* **What is required**
Extract precisely the lines of the entries below, from the first line through the line containing "wall murals Falling leaves w09176v2".

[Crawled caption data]
----------

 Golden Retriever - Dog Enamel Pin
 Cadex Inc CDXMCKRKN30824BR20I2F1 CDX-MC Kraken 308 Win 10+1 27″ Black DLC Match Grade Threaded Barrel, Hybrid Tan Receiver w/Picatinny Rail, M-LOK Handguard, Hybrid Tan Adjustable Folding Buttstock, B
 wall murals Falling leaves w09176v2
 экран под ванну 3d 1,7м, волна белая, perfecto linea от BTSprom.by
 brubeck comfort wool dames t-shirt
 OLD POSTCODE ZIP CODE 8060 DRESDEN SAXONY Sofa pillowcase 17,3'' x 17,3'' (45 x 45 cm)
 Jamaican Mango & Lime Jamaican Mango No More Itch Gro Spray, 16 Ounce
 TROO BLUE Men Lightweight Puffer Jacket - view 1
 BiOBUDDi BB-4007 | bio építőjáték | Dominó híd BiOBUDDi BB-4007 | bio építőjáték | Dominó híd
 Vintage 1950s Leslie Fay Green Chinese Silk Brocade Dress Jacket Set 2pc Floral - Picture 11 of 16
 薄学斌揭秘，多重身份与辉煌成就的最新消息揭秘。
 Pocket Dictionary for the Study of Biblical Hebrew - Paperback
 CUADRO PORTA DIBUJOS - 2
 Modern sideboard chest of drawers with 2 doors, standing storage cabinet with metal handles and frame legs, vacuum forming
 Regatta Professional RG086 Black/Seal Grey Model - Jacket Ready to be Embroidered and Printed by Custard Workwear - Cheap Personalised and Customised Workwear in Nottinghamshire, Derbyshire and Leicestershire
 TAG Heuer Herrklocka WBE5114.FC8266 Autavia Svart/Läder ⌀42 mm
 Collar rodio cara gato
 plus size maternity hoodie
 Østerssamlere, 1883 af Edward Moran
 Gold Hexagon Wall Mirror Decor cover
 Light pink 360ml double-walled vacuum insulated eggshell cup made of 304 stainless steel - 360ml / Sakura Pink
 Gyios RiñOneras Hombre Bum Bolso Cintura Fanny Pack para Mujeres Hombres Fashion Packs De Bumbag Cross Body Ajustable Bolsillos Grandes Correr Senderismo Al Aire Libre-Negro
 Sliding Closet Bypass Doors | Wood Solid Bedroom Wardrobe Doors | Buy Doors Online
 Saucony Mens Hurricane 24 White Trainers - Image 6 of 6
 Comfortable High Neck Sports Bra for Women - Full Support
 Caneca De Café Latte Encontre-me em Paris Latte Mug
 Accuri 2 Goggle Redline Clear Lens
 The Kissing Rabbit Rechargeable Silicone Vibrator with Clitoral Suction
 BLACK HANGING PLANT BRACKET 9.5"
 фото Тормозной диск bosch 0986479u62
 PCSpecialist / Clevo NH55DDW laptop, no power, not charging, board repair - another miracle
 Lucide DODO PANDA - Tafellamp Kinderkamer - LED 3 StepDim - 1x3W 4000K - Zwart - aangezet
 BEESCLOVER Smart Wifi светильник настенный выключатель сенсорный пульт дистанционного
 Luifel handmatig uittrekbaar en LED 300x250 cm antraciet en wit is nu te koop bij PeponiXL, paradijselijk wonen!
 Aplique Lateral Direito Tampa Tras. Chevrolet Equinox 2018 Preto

----------

* **Exercise answer**
 Golden Retriever - Dog Enamel Pin
 Cadex Inc CDXMCKRKN30824BR20I2F1 CDX-MC Kraken 308 Win 10+1 27″ Black DLC Match Grade Threaded Barrel, Hybrid Tan Receiver w/Picatinny Rail, M-LOK Handguard, Hybrid Tan Adjustable Folding Buttstock, B
 wall murals Falling leaves w09176v2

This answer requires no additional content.